Updated 05 May 2014

Treating a dehydrated child

It doesn't take much for a child to become dehydrated. Here's how to check whether your child is dehydrated or not and how you should treat it.


Dehydration can occur because of poor intake or excessive loss of fluids through vomiting, diarrhoea, sweating and urination. Young children are at greater risk of dehydration than adults because their bodies have a higher percentage of water, their metabolic rates are higher and they are at greater risk of infections that cause vomiting and diarrhoea. They are also dependent on others to feed them and give them water.

Essential bodily processes such as circulation of the blood, excretion by the kidneys and sweating, need to be maintained and this is not possible if there is drastic loss of fluids.

What to look out for

Children can become dehydrated very quickly. During the early stages of dehydration, a child may complain of extreme thirst and young children may become very irritable. Suspect dehydration if you notice any of the following: chapped lips, oral dryness, restlessness and dry eyes.

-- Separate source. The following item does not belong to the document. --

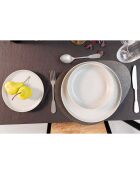 4 tovagliette grigie in similpelle - 38,51x30,51x1,5 cm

Signs of advanced dehydration in infants include a weak pulse, shallow breathing and a blue tinge to the skin, which also feels cold to the touch. With severe dehydration there is increasing weakness and lethargy and the urge to drink may be lost.

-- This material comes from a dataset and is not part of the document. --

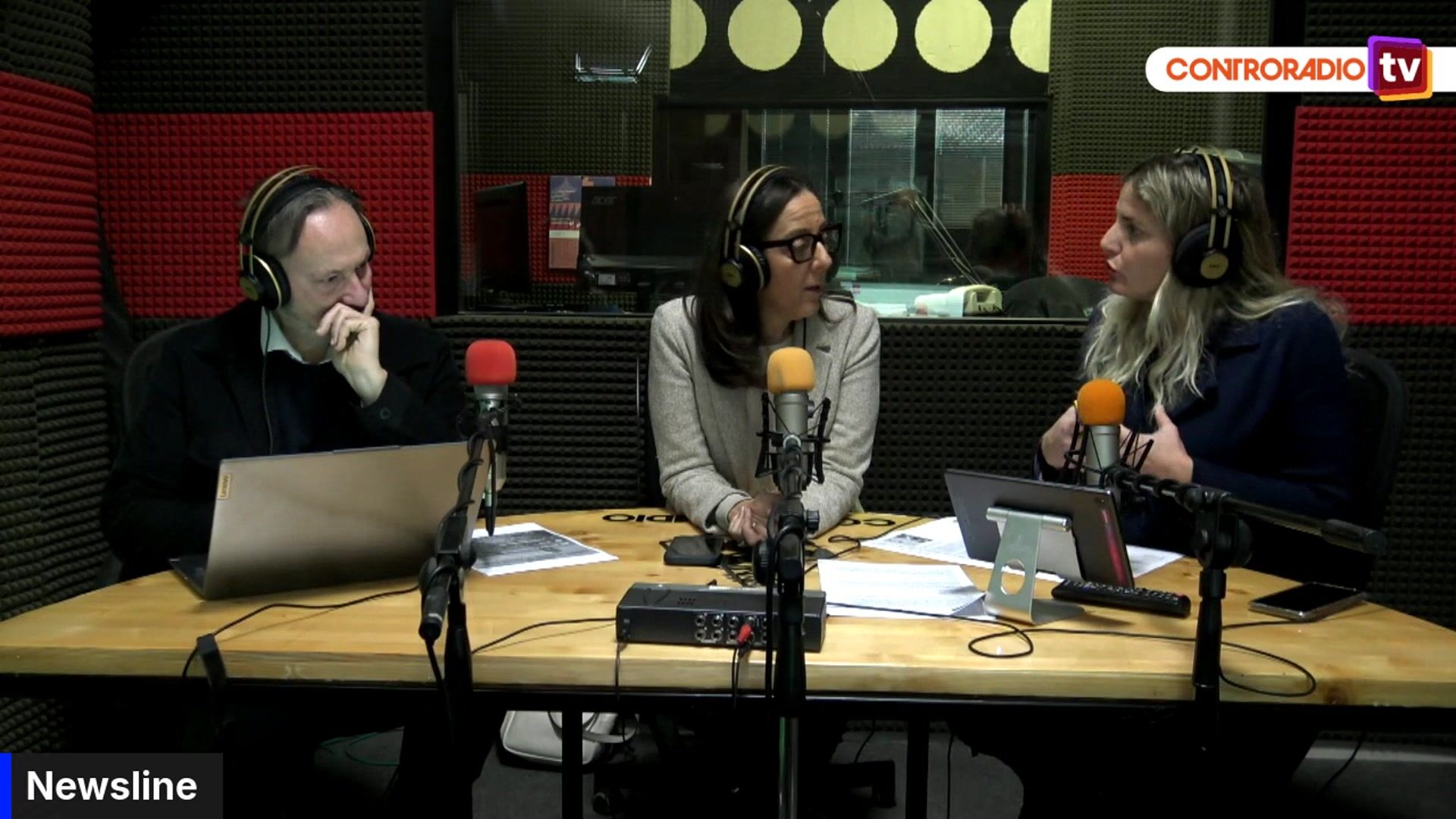 La sindaca di Firenze Sara Funaro a Controradio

A valuable method of assessing dehydration in children is by gently pinching up the skin on the side of the abdomen. On releasing, it should immediately return to normal. When dehydration is present, the skin fold takes much longer to return.

What to do

Taking extra fluids by mouth is the obvious treatment for dehydration. A solution consisting of half a teaspoon of salt and eight teaspoons of sugar in a litre of previously boiled water is easily made and suitable for mild cases of dehydration. Rehydration salts in packets are also available.

Dehydration can lead to serious medical complications, including damage to internal organs such as the liver, kidneys and brain. Consult a doctor immediately if a child's skin feels cold to the touch, he/she appears dizzy or disorientated, has chapped lips or a dry mouth and has low blood pressure. If the child is unconsciousness or unable to drink, fluids can be administered via a tube inserted into the stomach.

If vomiting is constant and the situation more serious, intravenous rehydration may be necessary. Electrolytes (sodium and potassium) are also lost when someone has become dehydrated and acid-base balance is disturbed. These imbalances also need to be corrected.